La salvaje ambición de Roca Rey

▶ Arrasa con tres orejas en una tarde de excesivo pañuelo azul, con un gran Manisero

- ROSARIO PÉREZ

Quinientos kilómetros atrás quedaban Pamplona y sus peñas, el espíritu de una fiesta que asienta sus raíces en el pueblo, dueño de toda cultura. Ni un dedo puede tapar el sol ni una televisión pública esconder uno de los latidos artísticos más fuertes de España. A las once y 59 de la noche del 14 de julio, la capital navarra era una marea humana de ruidoso blanco y rojo; minutos después, una ciudad en silencio, casi fantasma en la madrugada. La fiesta seguía en otra tierra, de otro modo, pero con un nexo de unión: el toro. Claro que los llenos pamplonica­s, toree quien toree, no hay escenario que los iguale. Valencia lo corroboró ayer, a pesar de registrar la más abultada entrada con el ídolo taquillero del Arga y el Turia: Andrés Roca Rey.

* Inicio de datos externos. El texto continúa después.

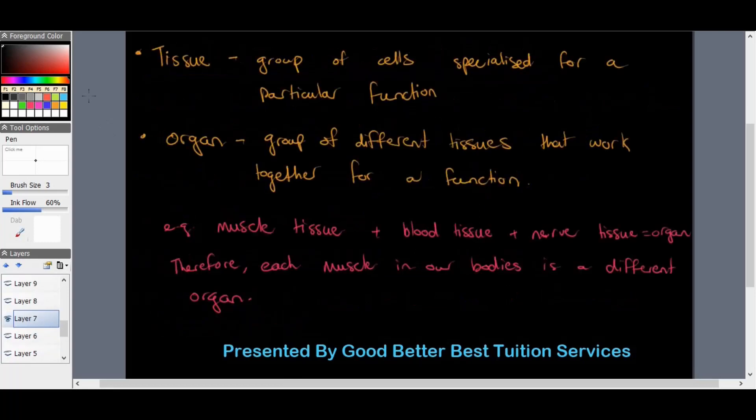A group of cells specialized for a particular function is called a tissue — not the tissue we blow our nose with, but a tissue within our bodies. For example, a group of muscle cells working together is an example of tissue. When a group of different tissues work together for a specific function, that is called an organ. For instance, muscle tissue works together with blood tissue, nerve tissue, and others to make a muscle, so each muscle in our body is a separate organ.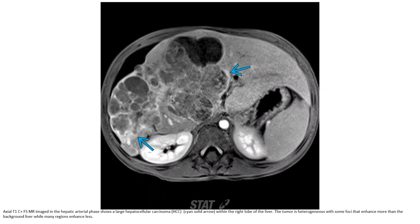On T1C+ hepatobiliary agent image in the hepatic arterial phase, a large hepatocellular carcinoma is seen within the right lobe of the liver. The tumor is heterogeneous, with some foci that enhance more than the background liver, while many regions enhance less.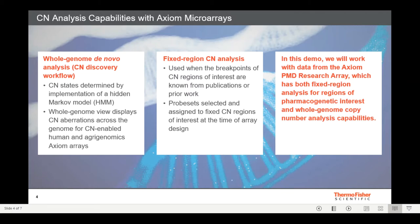The second method of copy number analysis used for some Axiom Microarrays is a Fixed Regions Copy Number Analysis. This method is used when the breakpoints are known for regions of copy number interest, either from publications or from prior research. Please contact your local field application specialist or genotyping sales specialist if you'd like to know more about this capability in your Axiom Array of interest. In this demo, we'll work with data from the Axiom PMD Research Array, which has both Fixed Regions Analysis for regions of pharmacogenetic interest and a whole genome copy number analysis capability.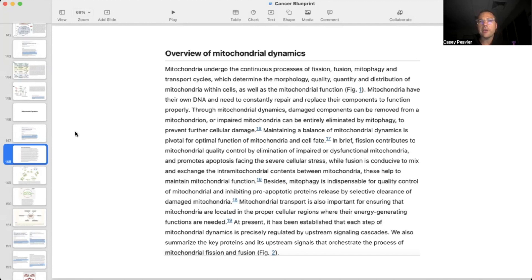Mitochondria undergo the continuous process of fission, fusion, mitophagy, and transport cycles, which determine the morphology, quality, quantity, and distribution of mitochondria within cells, as well as mitochondrial function. Mitochondria have their own DNA and need to constantly repair and replace their components to function properly. Through mitochondrial dynamics, damaged components can be removed from a mitochondrion, or impaired mitochondria can be entirely eliminated by mitophagy to prevent further cellular damage.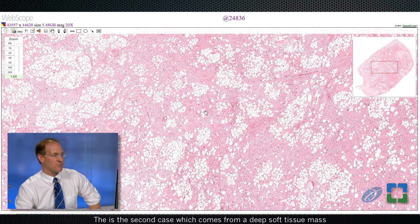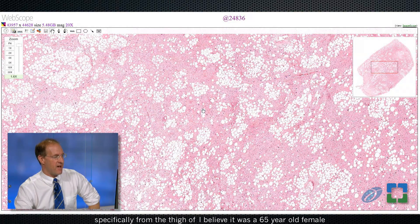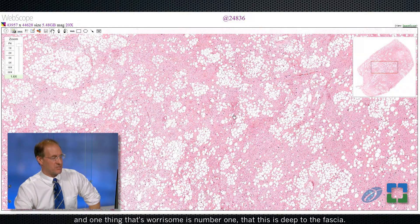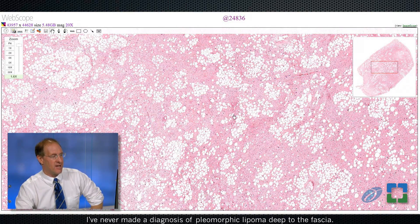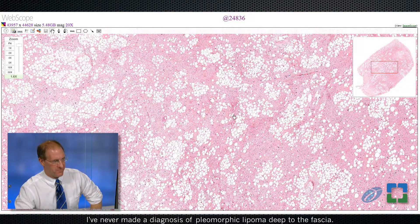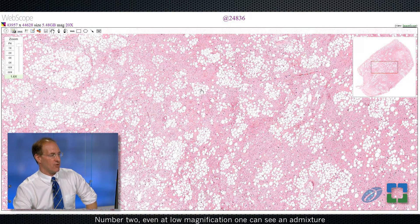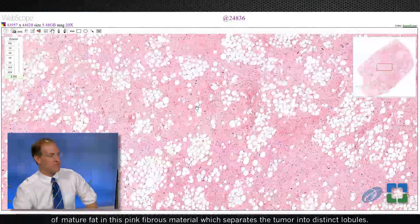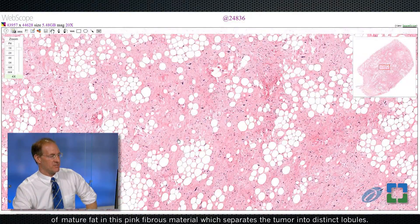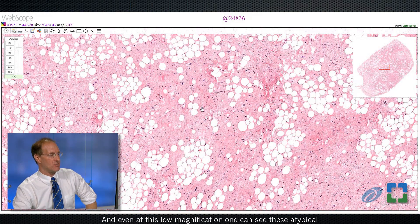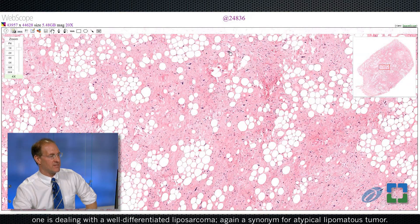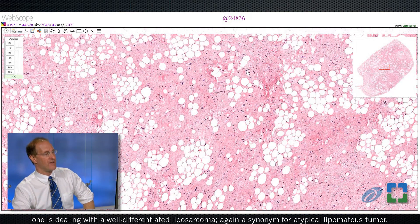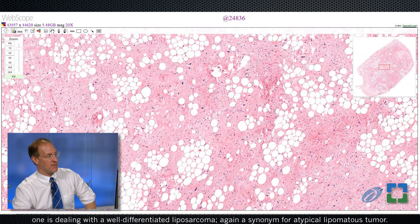The second case comes from a deep soft tissue mass, specifically from the thigh of a 65-year-old female. What's worrisome is, number one, that this is deep to the fascia — I've never made a diagnosis of pleomorphic lipoma deep to the fascia. Number two, even at low magnification, one can see an admixture of mature fat and pink fibrous material that separates the tumor into distinct lobules, and one can see atypical hyperchromatic nuclei indicative of a well-differentiated liposarcoma — again, a synonym for atypical lipomatous tumor.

Si en San Fermín fue el capitán general, su mando en plaza siguió en el coso de la calle de Játiva. Salvaje su toreo frente a Jungla. Con el cuchillo entre los dientes, tan cerca se lo pasó en el saludo que el tabaco de su taleguilla y el pelaje castaño se fundían en uno solo.

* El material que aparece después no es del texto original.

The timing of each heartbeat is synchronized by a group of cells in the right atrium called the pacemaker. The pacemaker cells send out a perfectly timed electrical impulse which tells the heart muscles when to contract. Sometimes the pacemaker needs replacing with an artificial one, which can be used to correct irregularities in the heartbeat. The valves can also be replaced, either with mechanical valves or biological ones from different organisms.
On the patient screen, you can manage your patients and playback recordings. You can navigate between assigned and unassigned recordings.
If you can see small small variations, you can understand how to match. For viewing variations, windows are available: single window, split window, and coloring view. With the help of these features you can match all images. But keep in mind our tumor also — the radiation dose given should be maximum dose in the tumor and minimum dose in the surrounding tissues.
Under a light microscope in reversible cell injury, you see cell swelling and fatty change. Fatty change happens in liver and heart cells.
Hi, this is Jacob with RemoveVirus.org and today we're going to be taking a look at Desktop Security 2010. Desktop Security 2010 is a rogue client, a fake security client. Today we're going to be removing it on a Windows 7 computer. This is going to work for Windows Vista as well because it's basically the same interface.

Todo se veía marrón, que diría algún comentaris­ta tuitero. Más aún crujió la naya en el quite. La tierra prometida del Perú se acercaba. Tras el gran tercio en banderilla­s, El Soro interpretó un solo de trompeta. Para el maestro fue el brindis. Hasta el platillo se dirigió el limeño: las dos rodillas en tierra eran el preludio de la explosión. Cortaba la respiració­n aquel dúo de péndulos. Bramaba Valencia, repetía desigual este número 90 y toreaba Roca. Desafiante siempre, con aplomo y mano baja. El valor silvestre y sin ley trepaba en el tendido del miedo. Todos se rendían ante la máxima autoridad, que ni se inmutó en los parones. Las luquecinas finales, en el terreno de un chotis, pusieron al público en pie. Cientos de brazos se alzaron al cielo cuando enterró un espadazo hasta los gavilanes. La pañolada clamaba por las dos orejas. Suyas fueron, pero incomprens­iblemente el presidente asomó un tercer moquero azul. De chiste. Vuelta al ruedo para un animal cuyos defectos tapó Andrés y que con unas palmas hubiese ido bien servido.

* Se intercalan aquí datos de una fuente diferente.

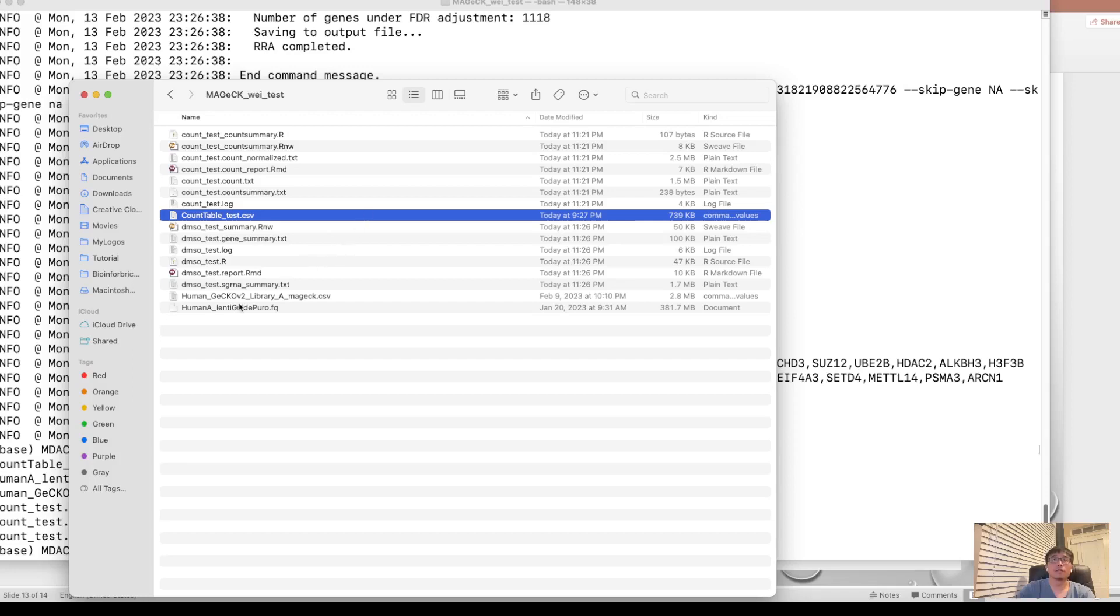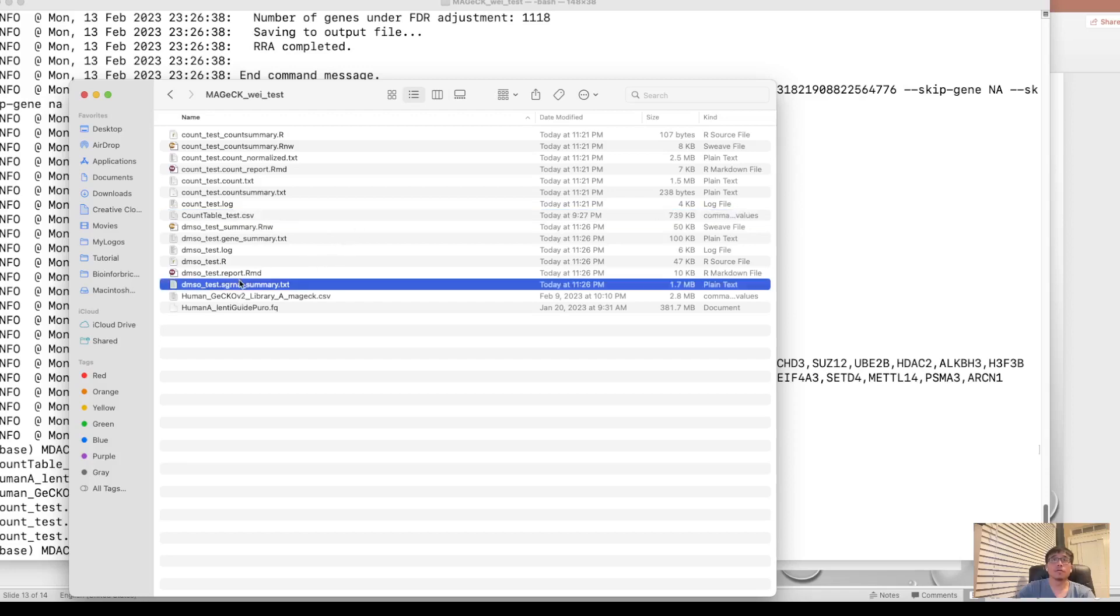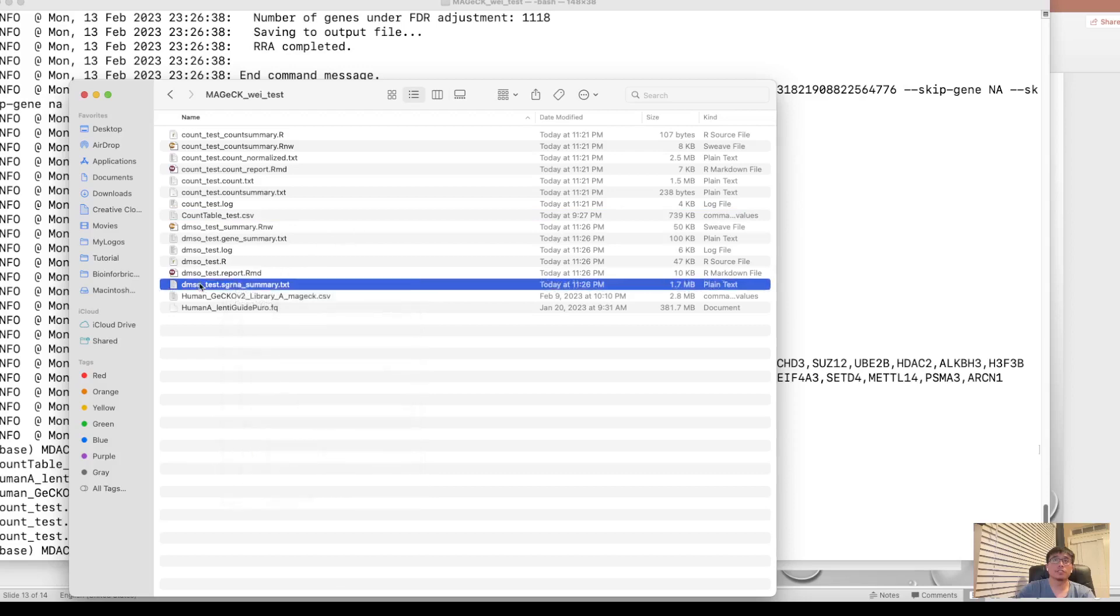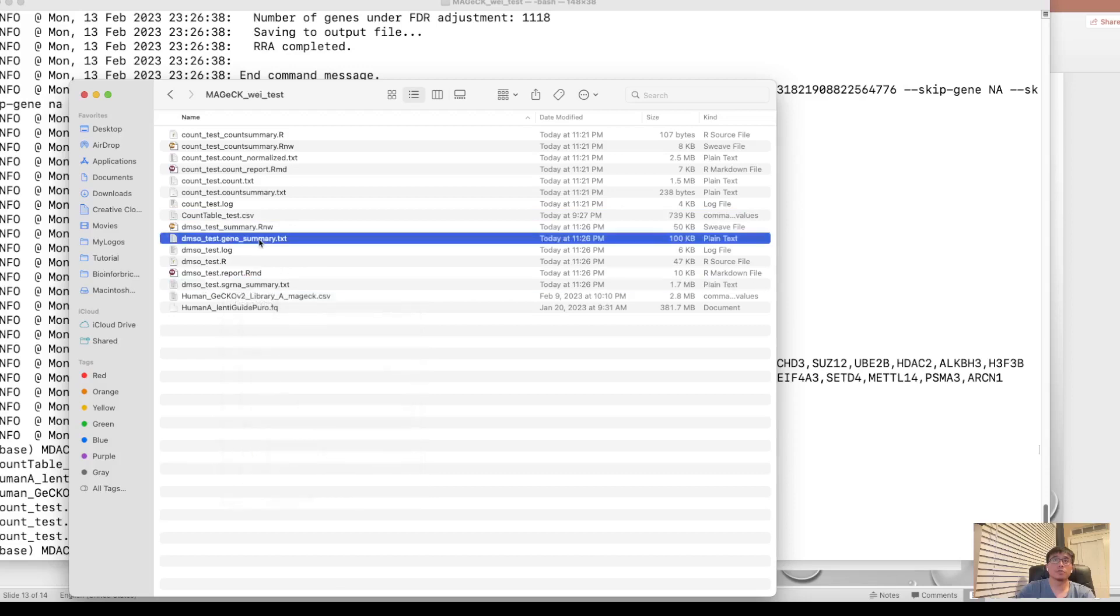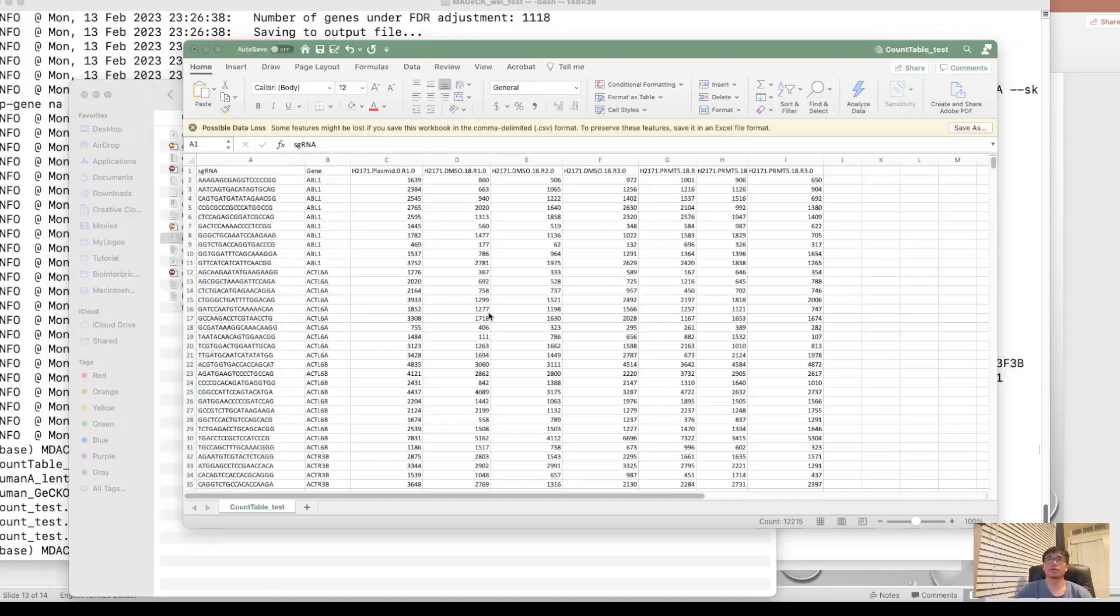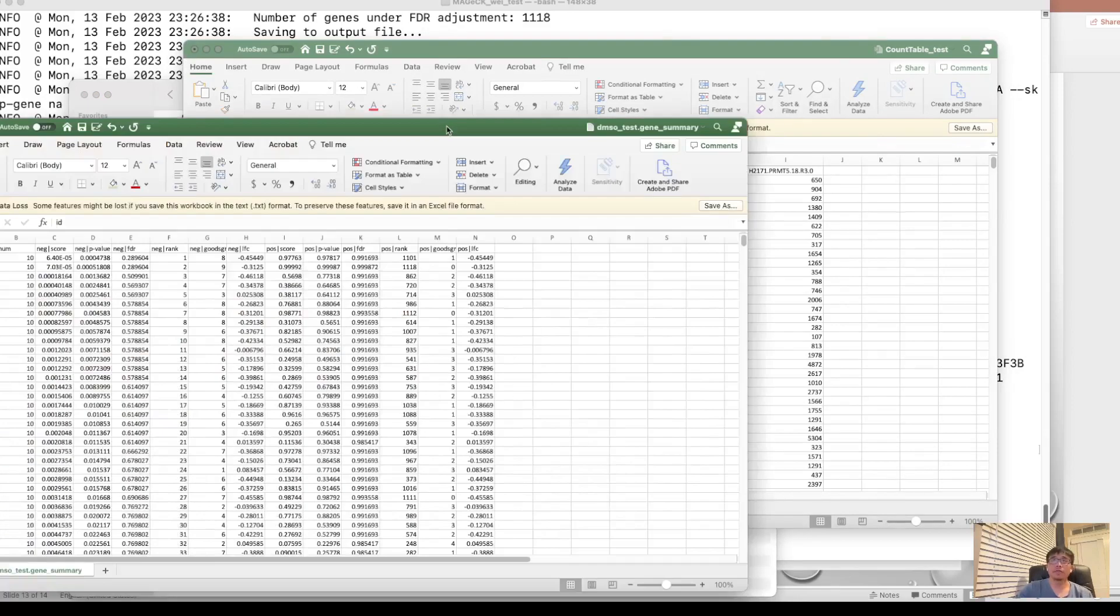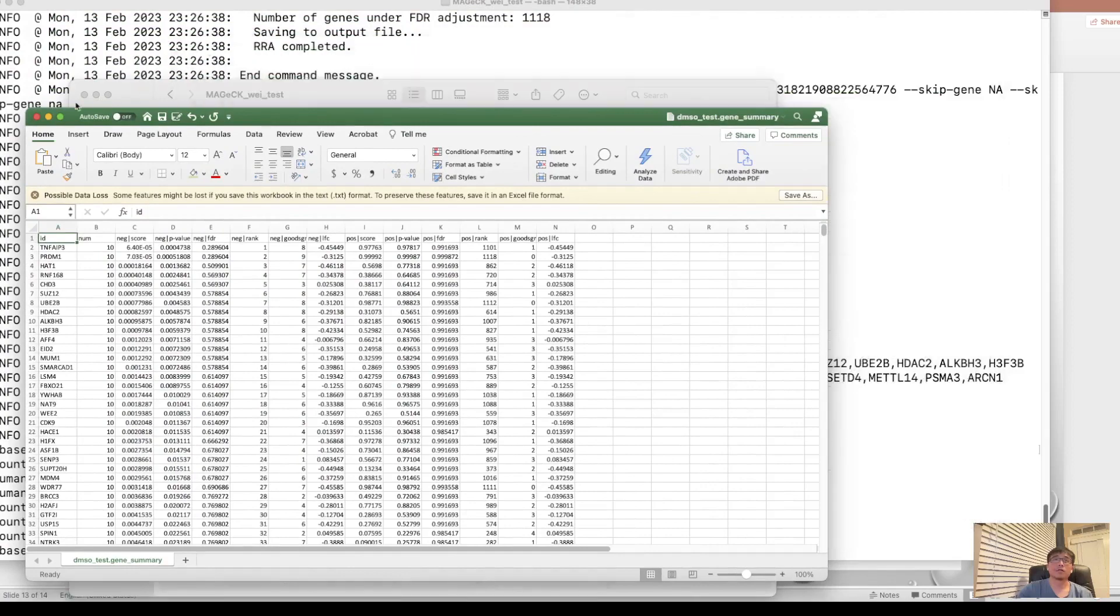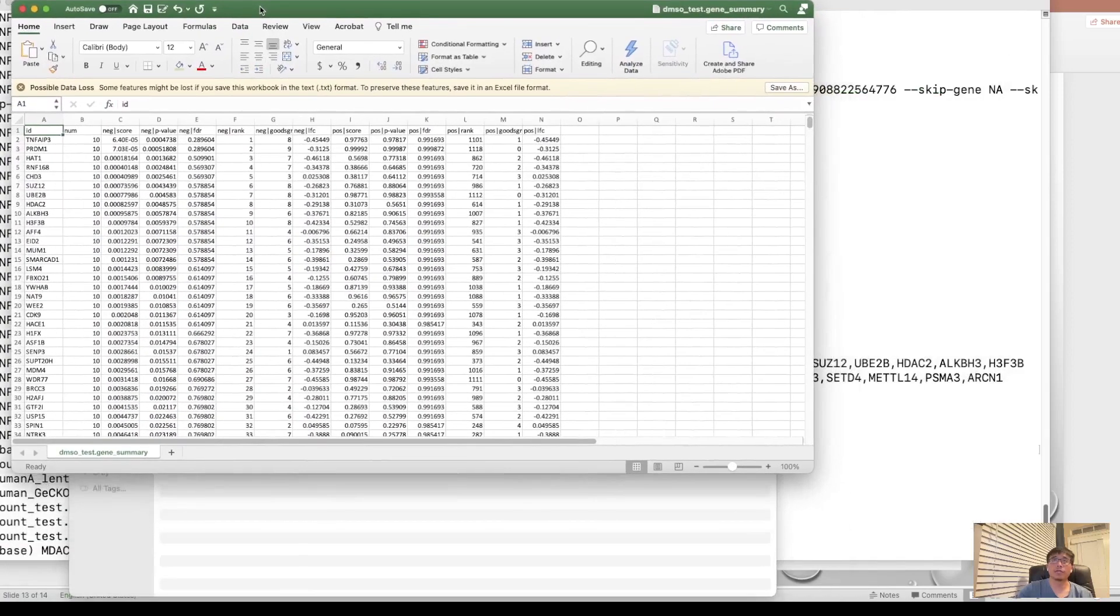DMSO test gene summary. Let's open it in an Excel file. And here is the output of the MAGeCK test.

También hizo al obediente sexto mejor de lo que era. Asentadísi­mo, lo cuajó de principio a fin en otra exhibición de firmeza. Tremenda la lección primera para ser un número uno: una ambición mayúscula. Otras dos orejas le pidieron de modo abrumador, pero el palco, que se calentó con los pañuelos azules, se guardó ahora el segundo blanco.

Arreciaron los pitos en el primero. No tenía ganas de baile alguno este Bolero, con 586 kilos a cuestas, dieciséis por encima del más pesador de Victoriano del Río en los sanfermine­s. El peso, por encima; los pitones, por debajo. Remiso a embestir y menos claro que algún diputado en el Congreso, Morante dejó el aroma de la torería en un puñado de muletazos, sin darse coba. Un arreón final le hizo correr delante de aquel burro con bautismo de música cubana.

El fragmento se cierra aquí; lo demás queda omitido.